Revolution of Love and Marriage During the periods of World War I and World War II, a revolution occurred in the relationship between men and women. Women learned that they could do almost anything men could do-as well as, and in many instances better. It was realized that women live longer, are healthier, have a higher threshold of pain than men, and can successfully compete with men scholastically.

This realization offered to women a new spectrum of satisfactions and opportunities, based in large measure on an improved self-image, which had long been denied them. For them it indicated the end of the primarily male-dominated and male-structured society. The modem woman in the first half of the twentieth century desired equality in every way, beginning with sex and the vote.

At about the same time, contraceptive devices were perfected.

Now woman could be man’s equal not only in society, in business, and in scholarship, but also in sexual convenience; the sex act could be enjoyed by both without the woman’s having to fear an unwanted pregnancy.

In past centuries in Western society, it has been considered important for a bride to be a virgin, whereas this condition seldom was required of the male, or even considered desirable. Today, though people may pay lip service to the idea of the virgin bride, in practice it is not generally considered important. Evidence from Kinsey and other authorities indicates that during the past thirty years women have practiced premarital sexual relations at an increasing rate.

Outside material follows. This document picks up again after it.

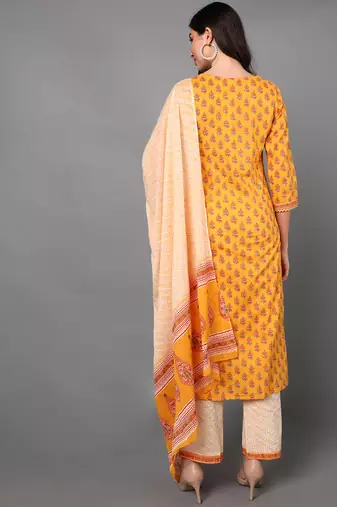 yellow color printed pure cotton styles kurta trouser with dupatta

Probably promiscuity has always been common in certain lower socio-economic groups, but in the upper middle class it was considered relatively rare until twenty years ago; at least it was not as obvious. The desire for extramarital intercourse has been increased by the advent of mass-communication media, particularly television and advertising. These have tended to make sex both in and out of marriage-appear to be the most important thing in the lives of most Americans. The effect of the growing sex emphasis is shown, for example, in the fact that in the year 1962 in California 57,000 babies were born to "child mothers" twelve to eighteen years old.

Thousands of high-school students are being married annually.

In California, one third of these are in the ninth and tenth grades. A great many of these couples marry not because they wish to, but because the girl is pregnant. The frequency of premarital intercourse among these California high-school students has considerable Significance because it indicates a corresponding trend among adults-a trend less clearly reflected in statistics concerning adult women, despite their greater opportunities for sexual activity, because they have easy access to contraceptives and sexual information usually unavailable to their teen-age counterparts.

Two forces remain to be considered in this survey of the history of marriage. The first is religion: When the Holy Roman Empire was at its peak, the Church exerted control over all facets of human life in Western Europe by means of canonical law. The most stringent canonical laws concerned marriage. For many ages marriage laws and customs had been civil, but then the Church moved in and took control. The first step was to make marriage a Holy Sacrament, for in the New Testament there is no proviso for this.

The hold of the Church for many centuries was so complete throughout Western Europe that almost everyone believed and accepted anything (religious or nonreligious) which came from Rome. One breach occurred in the sixteenth century with the discoveries of Copernicus. His declaration that the planets, including the earth, revolve about the sun, that the earth is not the center of the universe, as the Church maintained, was heard throughout Europe. More and more, men of learning doubted some of the edicts which came from Rome. Also, with the emergence of the Protestant Churches, Roman Catholic control over many aspects of life was reduced. It became possible for the elite to divorce without having the Pope’s permission.

The growing disbelief in the Church’s infallibility also resulted in time in the rejection of the Church’s definition of male and female characteristics, including the evil nature of woman and the natural superiority of man.

Another force which influences marriage is economics. Until the nineteenth century, the European family was a unit of economic survival. Most people lived on the land or maintained family industries. The larger the family, the more hands there were to work at home. This arrangement may have been hard on the wife, but no one seemed to care about that in the male dominated society.